0831-bratyslawa

Coraz więcej poszlak wskazuje, że mężczyzna, który zabił w poniedziałek sześcioro Romów i ranił 14 innych osób, działał powodowany nienawiścią rasową.

Według słowackiego ministra spraw wewnętrznych Daniela Lipsica jest jeszcze za wcześnie, by ustalić przyczynę dramatu w Devínskiej Novej Vsi. – Ofiary to członkowie rodziny o romskich korzeniach. Nie znamy jednak motywu działania sprawcy i nie chcę spekulować, czy był to motyw rasistowski – podkreślił.

Słowacki dziennik „SME” przeprowadził rozmowę z wnuczką jednej z ofiar, która stwierdziła, że znała zabójcę. – Był zawsze wrogo nastawiony do kolorowych i nienawidził nas – powiedziała.

W liczącej 5,4 mln mieszkańców Słowacji, zamieszkanej przez około 430 tys.

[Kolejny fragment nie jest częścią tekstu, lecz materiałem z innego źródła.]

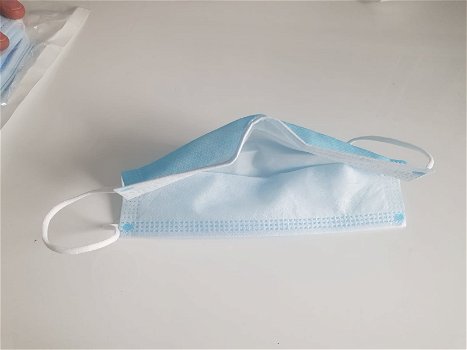 Partij masker mondkapje 3 laags CE Certyficate - 2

Romów, żaden konflikt między Słowakami i Cyganami nie doprowadził dotychczas do tak krwawych wydarzeń. W mniejszych miastach dochodziło jednak ostatnio coraz częściej do napięć na tle rasowym.

Wiadomość o poniedziałkowej masakrze zbiegła się w czasie z informacjami o budowie muru, którym mieszkańcy miejscowości Michalovce chcą się odgrodzić od tamtejszych Cyganów. Pomiędzy przedmieściem Vychod i cygańskim osiedlem Angy Mlyn stoi już betonowe ogrodzenie trzymetrowej wysokości, ale według Słowaków nie zapewnia im ono należytej ochrony. Wiele osób skarży się, że jest za krótkie, więc Cyganie omijają je i wchodzą na teren sąsiadów: wyrzucają tam śmieci, sikają pod balkonami, zakłócają spokój. Mieszkańcy Vychodu zorganizowali więc kolejną zbiórkę pieniędzy i szykują się do przedłużenia ogrodzenia.

– Dla nas jest to coś takiego jak mur berliński – powiedział mieszkaniec cygańskiego osiedla Robert Ridaj, cytowany przez portal Slovak Spectator. Premier Iveta Radičová podkreśla, że mur nie rozwiąże problemów mieszkańców, sprawą zajął się też rzecznik praw obywatelskich Pavel Kandráč. Bada skargę społeczności Angy Mlyna, że ogrodzenie ograniczy jej dostęp do wielu miejsc publicznych. W innych miejscowościach Słowacji również rozważa się jednak budowę podobnych ogrodzeń. Ten trend zapoczątkowali mieszkańcy Ostrovan, którzy jako pierwsi w ubiegłym roku odgrodzili się murem od miejscowych Romów.

“Rzeczpospolita”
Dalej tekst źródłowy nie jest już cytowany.